From the beginning of my music-making career, I've had diverse experiences as a musician and a human being that intertwined to create my current philosophies. At age nine, I started playing jazz music; at age eleven, when I entered middle school, I started learning the trombone. The next year, I taught myself how to play the guitar, starting a track that would eventually lead to my involvement as a singer-songwriter and as a rock musician. In high school, I was a fully engaged musician- at the peak of my high school experience, I was simultaneously participating in my school’s concert band, jazz band, Latin jazz combo, winter percussion ensemble, and district honor band. I pursued double majors in piano performance and instrumental music education in college, gaining a reputation as a collaborative pianist and as a keyboardist in local bands. I participated in community service, coordinating benefit concerts for underfunded public school music programs as a member of the Phi Mu Alpha Sinfonia fraternity and volunteering at a social justice info center in my local community.
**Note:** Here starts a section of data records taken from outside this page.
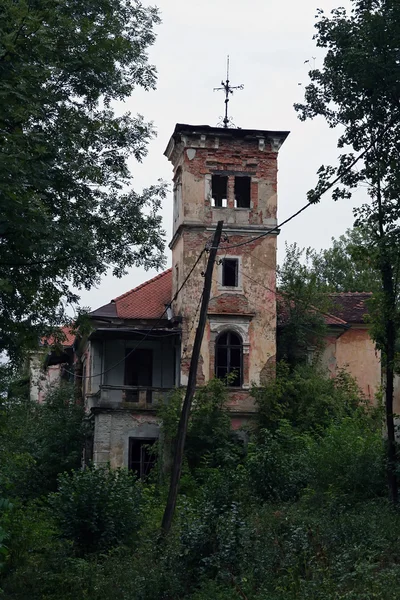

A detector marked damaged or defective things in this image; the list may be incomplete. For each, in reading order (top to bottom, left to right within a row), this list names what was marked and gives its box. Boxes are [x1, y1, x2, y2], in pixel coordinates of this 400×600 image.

broken window [211, 175, 227, 207]
broken window [234, 176, 250, 209]
broken window [220, 256, 239, 288]
broken window [124, 346, 152, 390]
broken window [216, 330, 244, 386]
broken window [128, 436, 156, 478]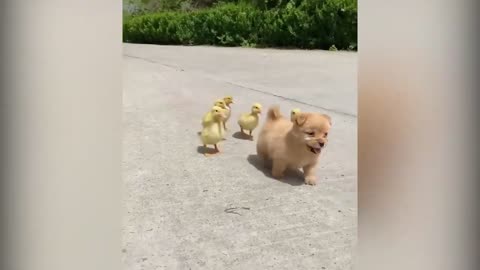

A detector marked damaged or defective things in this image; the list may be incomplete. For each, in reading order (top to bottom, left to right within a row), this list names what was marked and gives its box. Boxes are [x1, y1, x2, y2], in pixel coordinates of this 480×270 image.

crack in concrete [124, 54, 356, 118]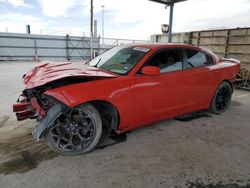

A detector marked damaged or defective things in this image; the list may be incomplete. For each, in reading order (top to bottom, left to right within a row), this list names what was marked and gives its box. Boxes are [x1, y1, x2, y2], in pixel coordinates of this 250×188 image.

crumpled hood [23, 61, 117, 89]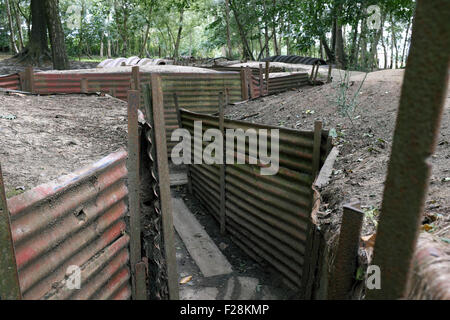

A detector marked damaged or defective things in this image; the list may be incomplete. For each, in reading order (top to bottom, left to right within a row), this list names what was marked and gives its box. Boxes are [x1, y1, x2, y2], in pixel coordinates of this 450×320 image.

rusty metal sheet [6, 150, 131, 300]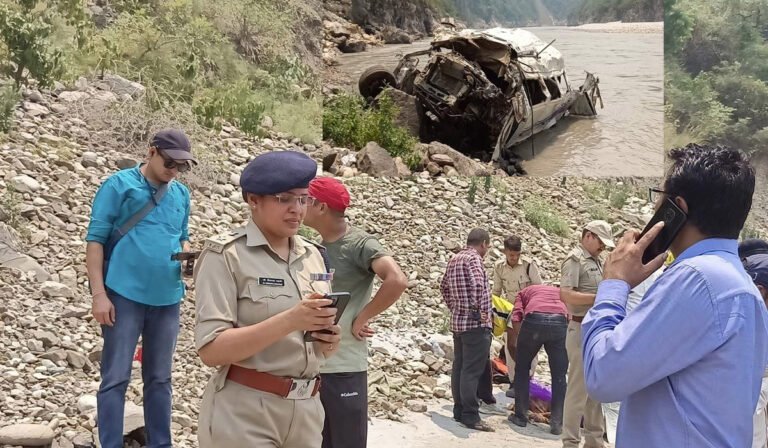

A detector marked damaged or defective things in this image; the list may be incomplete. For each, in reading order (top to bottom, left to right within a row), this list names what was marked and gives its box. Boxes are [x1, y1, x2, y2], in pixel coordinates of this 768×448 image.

wrecked vehicle [356, 25, 604, 173]
damaged van roof [432, 27, 564, 78]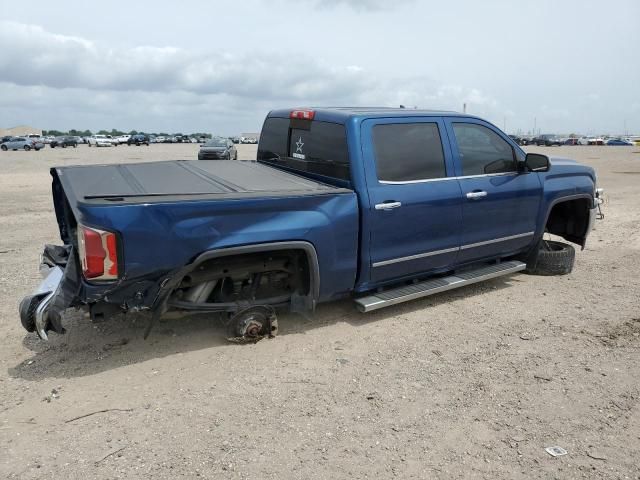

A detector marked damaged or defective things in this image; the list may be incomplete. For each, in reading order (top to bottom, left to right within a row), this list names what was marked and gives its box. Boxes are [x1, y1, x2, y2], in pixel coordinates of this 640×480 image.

detached tire on ground [524, 239, 576, 276]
All these experiences shaped my views as an educator. I've always viewed education and knowledge as the currency of power and as an equalizer for the socio-economically disadvantaged. I believe that every student has the capacity to learn and achieve high levels of success, with proper support. My classroom will provide a safe zone to all students with equal opportunities for success and growth. In the interest of creating an inclusive music education program, I am constantly thinking about how to make participation in music-making more accessible to the general student body. By teaching music, I will teach life skills, self-discovery, and a unique skillset that will enrich students’ education and provide a second voice through which students can communicate.